The Senate's majority and minority leaders, Chuck Schumer and Mitch McConnell, have also invited Zelenskyy to speak at an all-senators meeting on Tuesday morning, according to a leadership aide.
House Speaker Mike Johnson will meet with Zelenskyy on Tuesday in the Capitol, too, according to his spokesman.
Zelenskyy's trip comes as additional funding for Ukraine remains in limbo, with a vote on more money failing in the Senate last week.
The Biden administration has asked for $61 billion in Ukraine aid as part of a $100 billion-plus package that would also include money for Israel, currently at war with Hamas in the wake of a Hamas terror attack, as well as money for Taiwan and $14 billion for border security.
But Republicans, some of whom have become increasingly skeptical of spending more to back Ukraine in defending against Russia's invasion, have said that major immigration policy changes must be part of any deal.
"People want a legal, orderly process, not the chaos that we currently have on our southern border. That shouldn't be too tall of an order to be able to fulfill," Oklahoma Republican Sen. James Lankford, who is leading his party in the chamber in negotiations on the border, told ABC "This Week" anchor George Stephanopoulos earlier this month.

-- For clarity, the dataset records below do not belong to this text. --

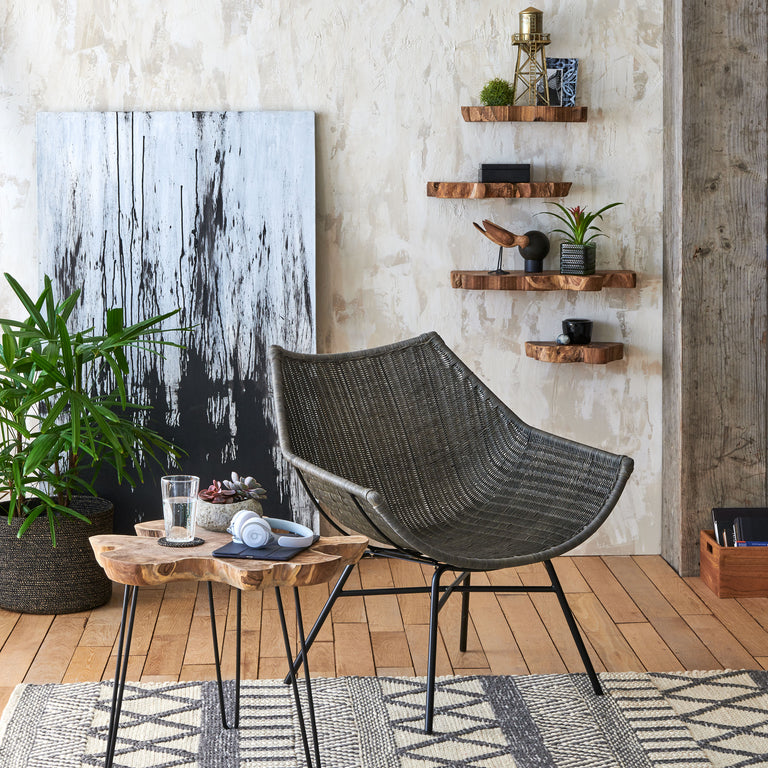 KAMALA LOUNGE CHAIR | CHAIR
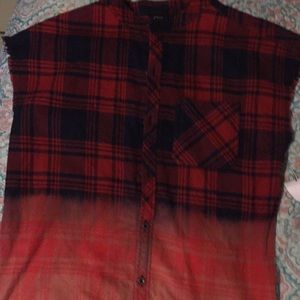 Plaid Button Down Shirt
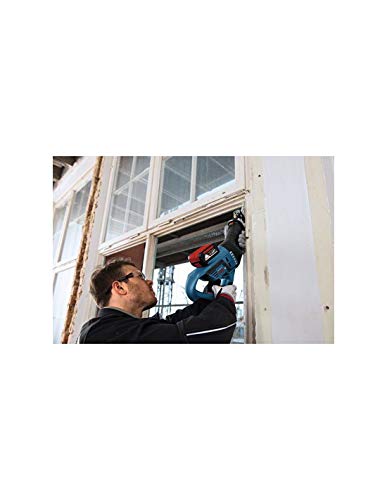 Bosch Professional 18V System Akku Säbelsäge GSA 18V-32 (inkl. 2x5.0 Ah Akku, Schnellladegerät GAL 1880 CV, im… – Bild 5
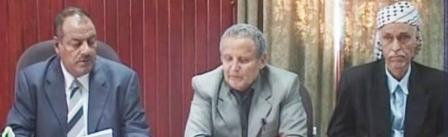 تنفيذي الضالع في إجتماعه الاستثنائي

"There's a reason that this hasn't been done in decades, because it's hard. It's very technical work, and there's a lot of challenges that are in it. And any time you deal with border security, there are a lot of complicating features in this. ... But the most important thing is to be able to get this right," Lankford said then.
The White House has said its aid proposal is a priority and repeatedly urged swift passage.

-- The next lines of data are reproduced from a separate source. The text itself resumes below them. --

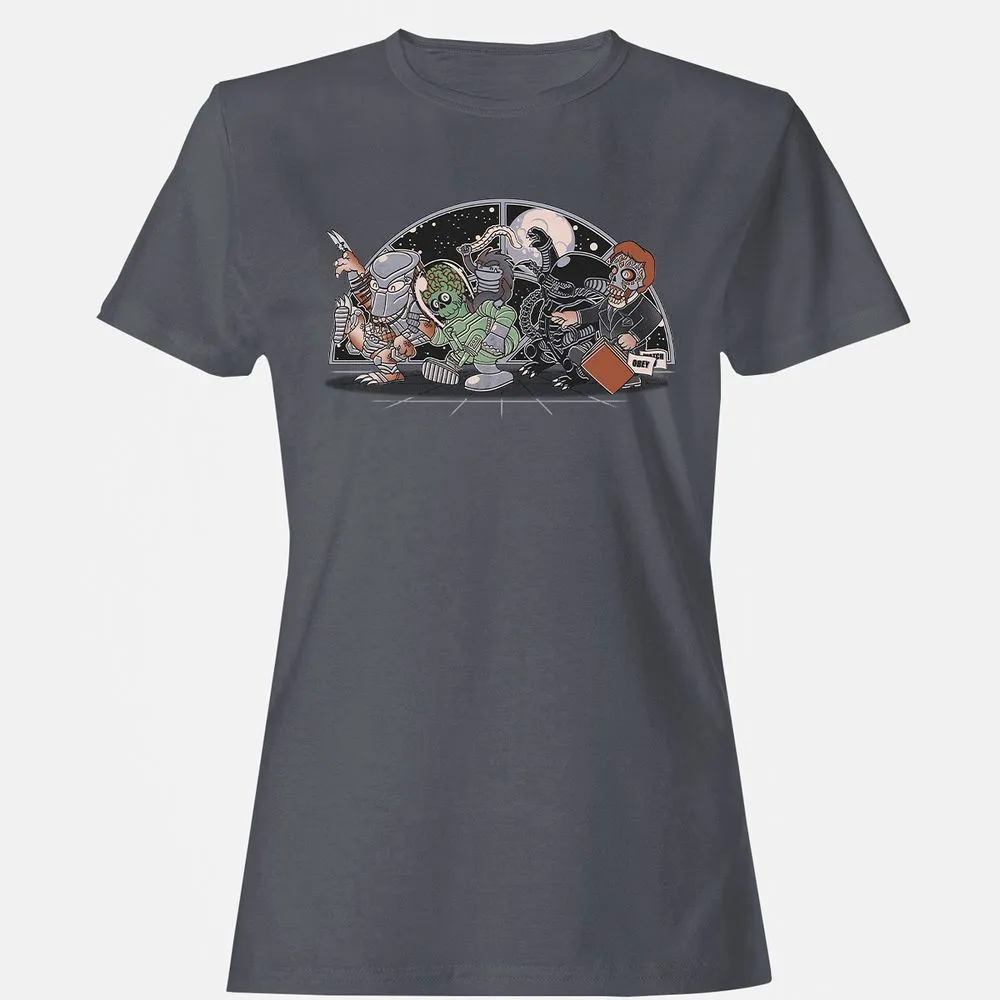 Women's T-Shirt - 9YGCK5D7 - Dark Heather - 5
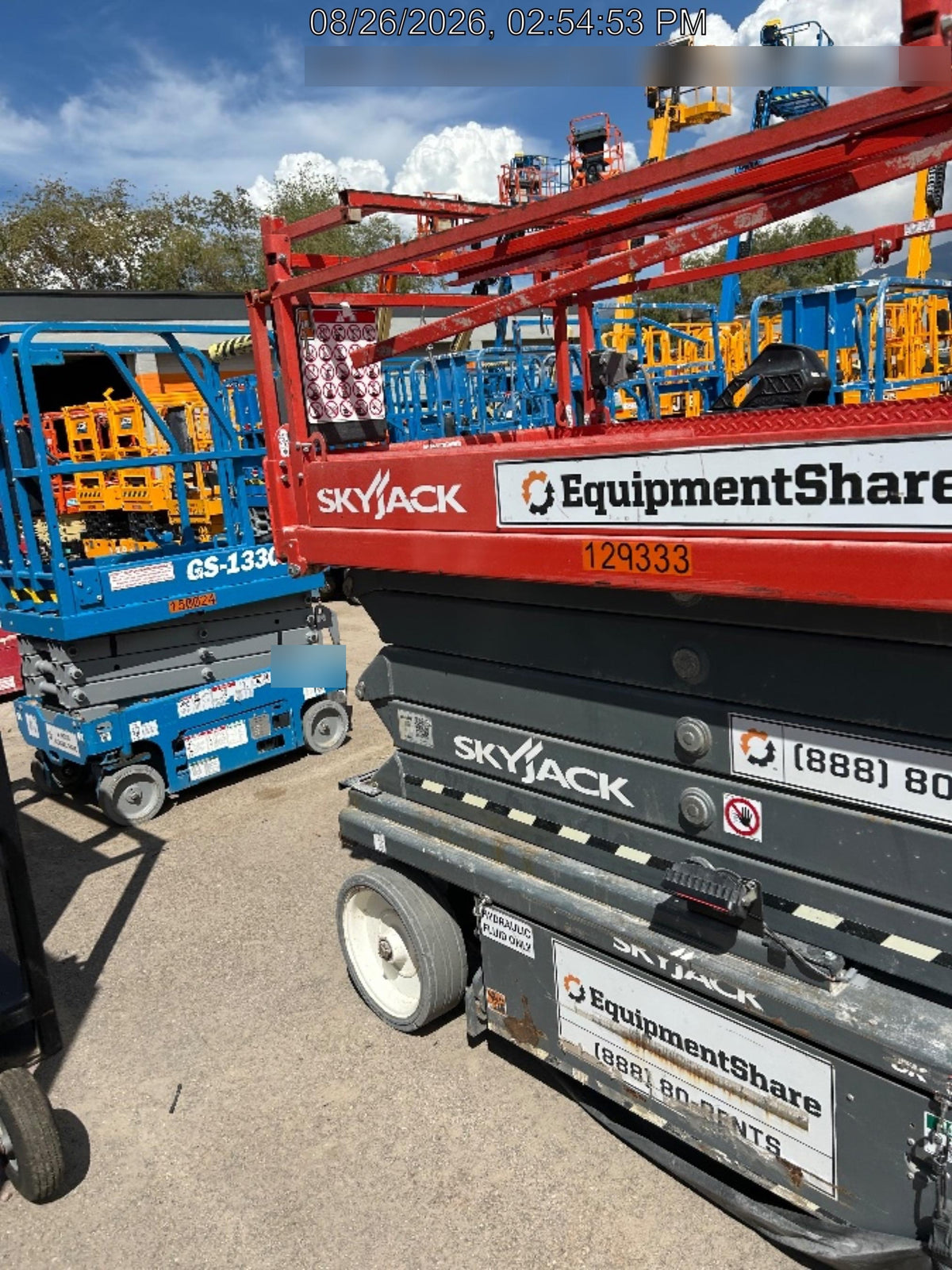 2021 SKYJACK SJ4732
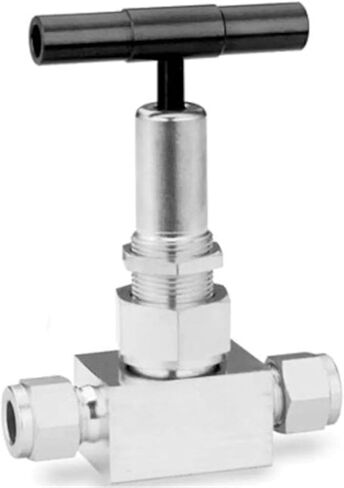 SS-6BW Stainless Steel Bellows Sealed Valve 3/8 in. Tube Joint Ball Stem Head in Kuwait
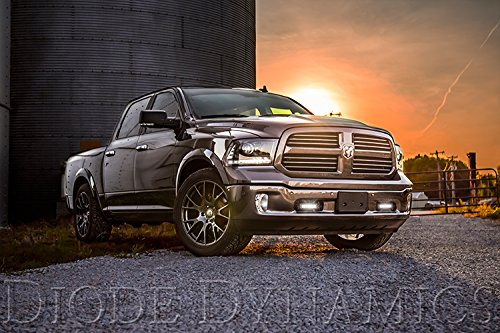 2013 Ram Standard Stage Series 6 Inch Kit White Wide Diode Dynamics
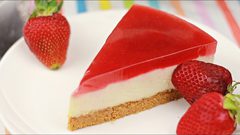 تشيز كيك بالجيلي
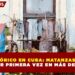 FRÍO HISTÓRICO EN CUBA: MATANZAS REGISTRA 0 °C POR PRIMERA VEZ EN MÁS DE 50 AÑOS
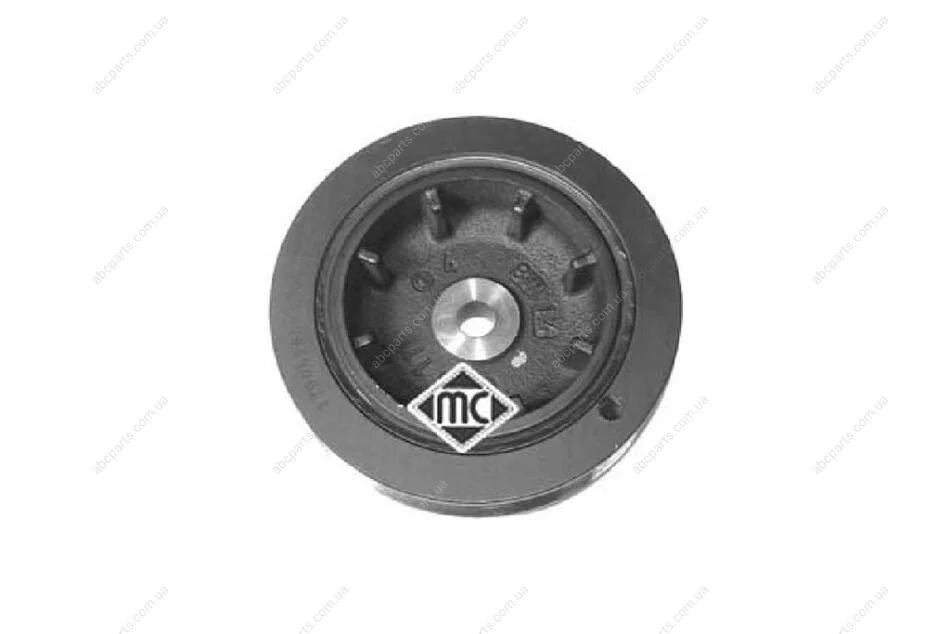 Шків коленвала Renault Clio, Kangoo, Megane 1.9 (97-) Metalcaucho '04664 (фото 1)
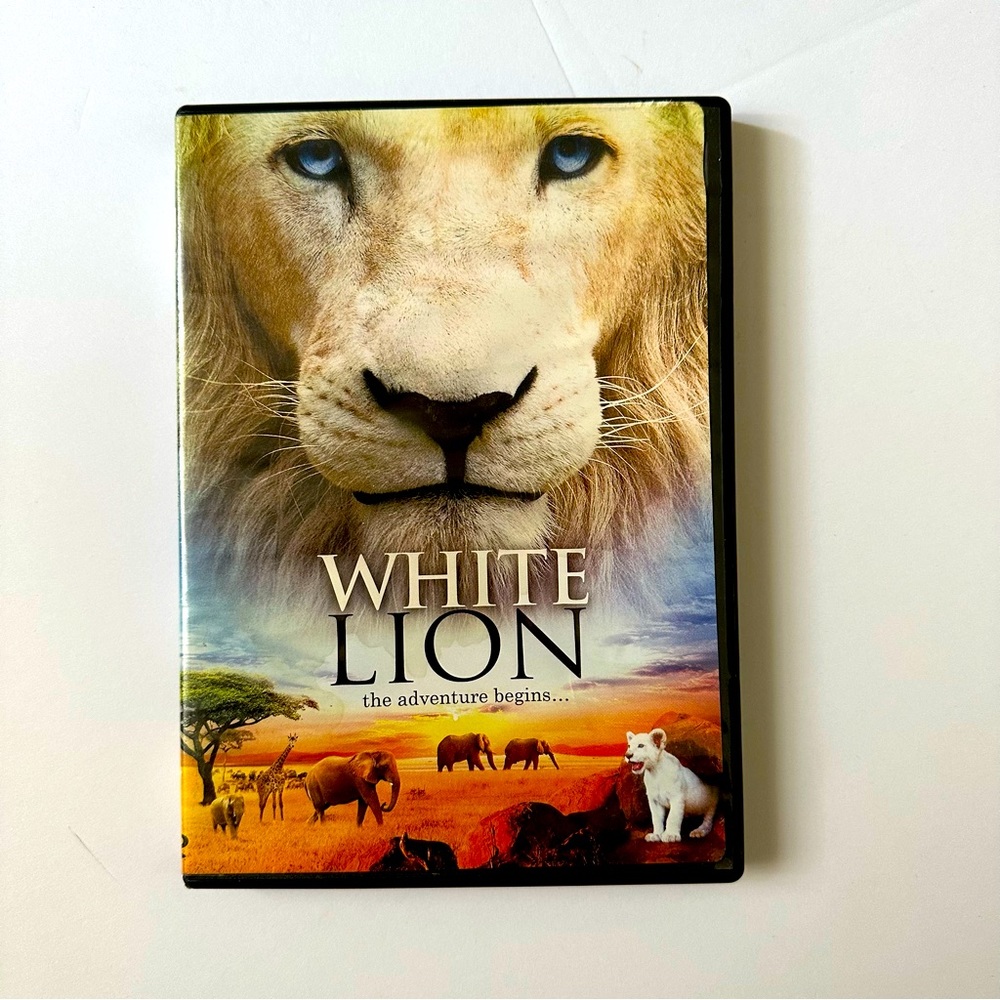 White Lion DVD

"Ukraine has done an extraordinary job in defending against this Russian aggression," Secretary of State Antony Blinken said on "This Week" on Sunday.
"Over the past years, it's taking back more than 50% of its territory. It's engaged in a ferocious battle right now along the eastern and southern fronts. We are running out of resources already in the bank to continue to assist them," Blinken said.
Biden has been more blunt, saying Wednesday, after Republicans blocked his proposal in the Senate: "[They] are willing to give [Russian President Vladimir] Putin the greatest gift he could hope for and abandon our global leadership, not just Ukraine, but beyond that."